== What the exercise asks ==
Only the lines from the one that contains "Kreatives Nail Art Press-On Set" through the last line of the records should appear, each printed exactly as it is.

== Information shown ==
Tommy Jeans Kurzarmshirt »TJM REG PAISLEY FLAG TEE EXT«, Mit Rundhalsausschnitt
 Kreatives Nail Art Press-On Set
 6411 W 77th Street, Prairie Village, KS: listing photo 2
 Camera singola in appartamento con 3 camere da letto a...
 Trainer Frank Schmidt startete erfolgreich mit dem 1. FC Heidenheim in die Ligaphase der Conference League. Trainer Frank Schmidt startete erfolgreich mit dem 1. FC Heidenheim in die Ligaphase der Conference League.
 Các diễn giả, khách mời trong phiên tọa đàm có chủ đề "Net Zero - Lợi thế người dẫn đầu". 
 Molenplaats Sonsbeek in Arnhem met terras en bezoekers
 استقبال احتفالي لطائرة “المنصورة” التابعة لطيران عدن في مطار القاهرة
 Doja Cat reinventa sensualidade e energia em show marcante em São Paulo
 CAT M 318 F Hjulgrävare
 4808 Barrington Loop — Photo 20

== Solution to the problem ==
 Kreatives Nail Art Press-On Set
 6411 W 77th Street, Prairie Village, KS: listing photo 2
 Camera singola in appartamento con 3 camere da letto a...
 Trainer Frank Schmidt startete erfolgreich mit dem 1. FC Heidenheim in die Ligaphase der Conference League. Trainer Frank Schmidt startete erfolgreich mit dem 1. FC Heidenheim in die Ligaphase der Conference League.
 Các diễn giả, khách mời trong phiên tọa đàm có chủ đề "Net Zero - Lợi thế người dẫn đầu". 
 Molenplaats Sonsbeek in Arnhem met terras en bezoekers
 استقبال احتفالي لطائرة “المنصورة” التابعة لطيران عدن في مطار القاهرة
 Doja Cat reinventa sensualidade e energia em show marcante em São Paulo
 CAT M 318 F Hjulgrävare
 4808 Barrington Loop — Photo 20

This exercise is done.